Le dialogue social s’est vite terminé par un nouvel appel du CNP à une grève générale le 12 mai. La marge de manœuvre du CNP diminue et la méfiance de la base grandit. Sur les points de résistance se développent des formes d’auto-organisation qui cherchent à se coordonner et à se centraliser. Là aussi la violence de la répression a entraîné une réponse adaptée des manifestants : jeunes en première ligne, ligne de soutien, ligne logistique. Ces points de résistance ont vu leur composition évoluer avec les « mamans de première ligne », en uniforme, boucliers noirs et casques bleus qui scandent: « si nos enfants manifestent et vont au combat, les mères les soutiendront et se battront avec eux ». Une combativité qu’on dirait importée des mères du Black lives matter.

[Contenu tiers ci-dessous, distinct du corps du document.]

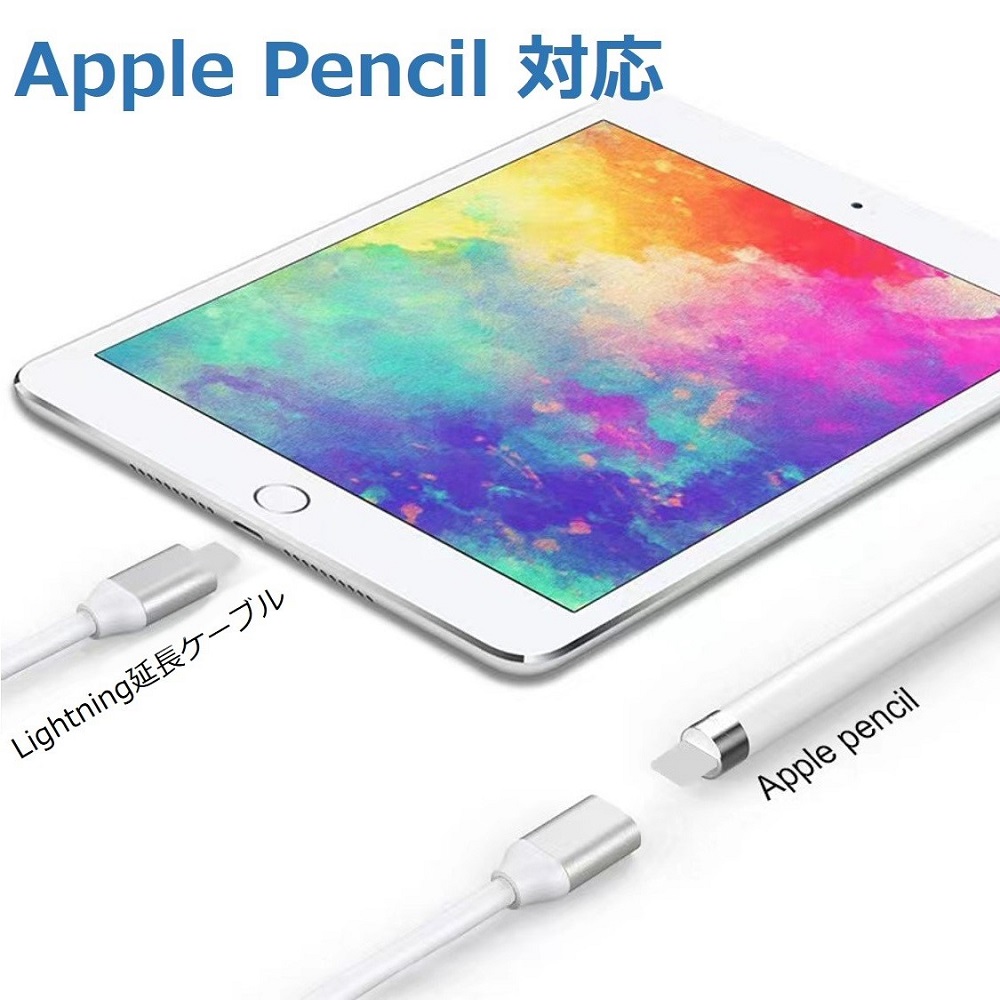 Apple Pencil 充電ケーブル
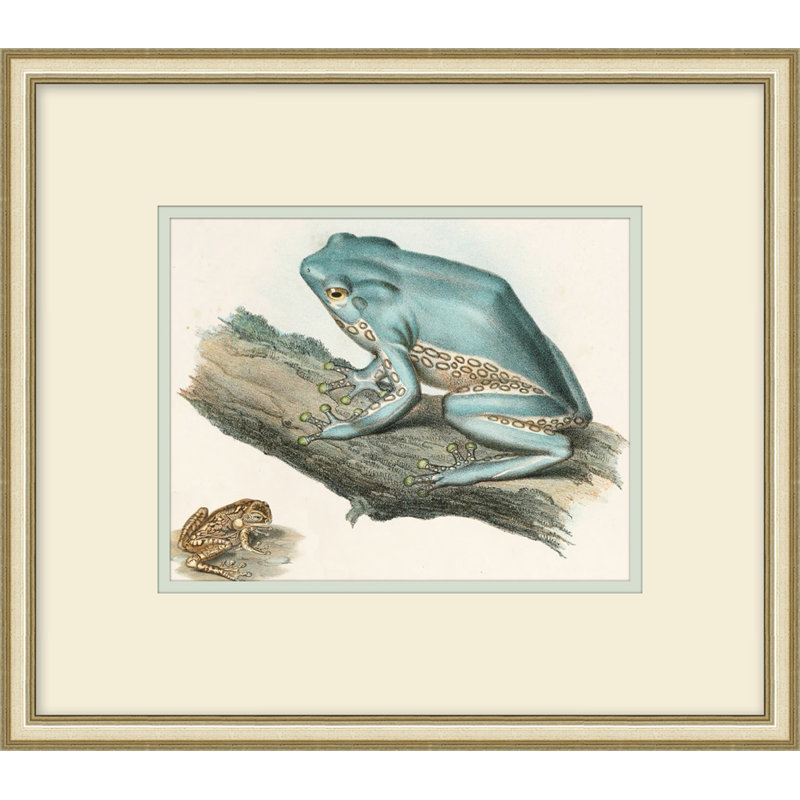 Naturalist Frog 2 Painting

Une Rencontre nationale des Assemblées populaires a été organisée le 22 mai ; l’exigence que le CNP convoque des assemblées générales dans les syndicats avec l’objectif d’organiser le blocage complet de la production, de se joindre aux barrages et de participer aux assemblées populaires s’y est exprimée. Une Assemblée populaire nationale a été convoquée pour les 6, 7 et 8 juin à Bogota, afin de renforcer et d’organiser le Paro illimité, de vaincre la répression et de faire avancer la lutte pour les revendications populaires urgentes en matière de santé et de vaccination de masse. Et aussi : l’ abandon définitif de toutes les mesures du « paquetazo », l’éducation gratuite, le droit à emploi et à un salaire minimum, la protection de la production paysanne, la défense des territoires indigènes, la dissolution de l’ESMAD, la justice pour les camarades assassinés, la libération de tous les manifestants incarcérés. Et le départ d’Ivan Duque.
Le 10 juin, les manifestations massives à Bogota montraient à nouveau la détermination du Paro, comme une marche vers la révolution en Colombie dont nous soutenons toutes les revendications et saluons le mouvement.
Nous appelons à la plus large solidarité de toutes les organisations ouvrières et démocratiques françaises pour ensemble exiger l’arrêt de la répression criminelle du gouvernement Duque contre le peuple colombien.